I just ordered my Grid Iron and saw the post, but the peeling paint issue is a non-issue.  No paint will withstand a grease fire that caused this.  Either way, Blaz'n told me the insides are not painted anymore, so they will season properly and so no need to worry about this.


----------



## Alkiax (Jul 13, 2018)

I'm selling a pg1000 for 2200 if your close to Oklahoma


----------



## Taz_Pagri (Jul 13, 2018)

I went with a rec tec 700 because it cost 1000 less, they let me try it with 30 day money back and they have a super long warranty. So far I have been impressed with how fast it heats up, how hot it gets for a good sear, and how well it holds temperature no matter what temp is set and how much I open the grill. 

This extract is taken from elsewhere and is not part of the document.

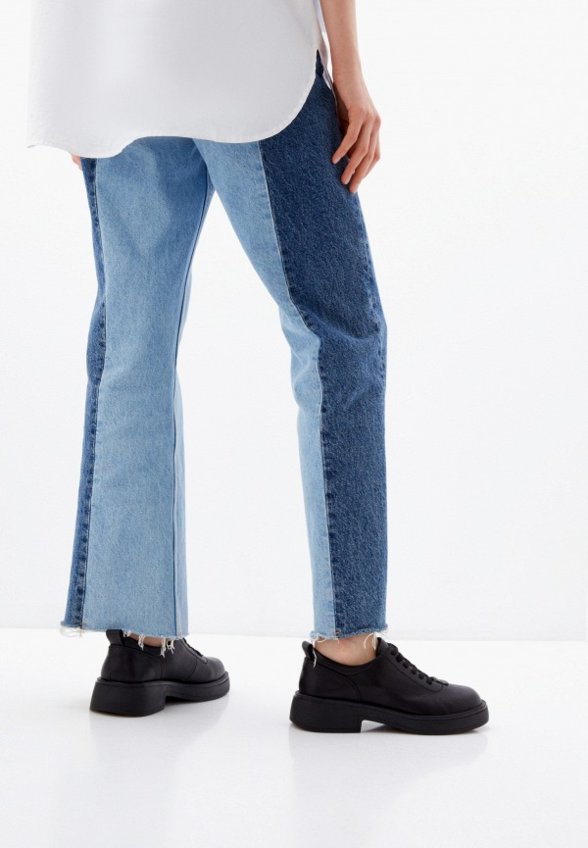 Ботинки Helena Berger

One big downside for me is that the app temp alarms do not work if your phone is on the lock screen or even in a different app. This means it's possible to over cook your meat if you're not paying complete attention. I think they will fix this eventually as it's only a software issues


----------



## Ishi (Jul 13, 2018)

gmc2003 said:


> Can't offer an opinion one way or the other on poopers, but what the heck are Pappa Murphy's? Sounds like your smoking two Irish guys.
> 
> Chris


Papa Murphy’s is a pizza chain here in Iowa and maybe other states in the Mid West. They make the pizza  ( like subway while you watch) and you take it home and cook it.


----------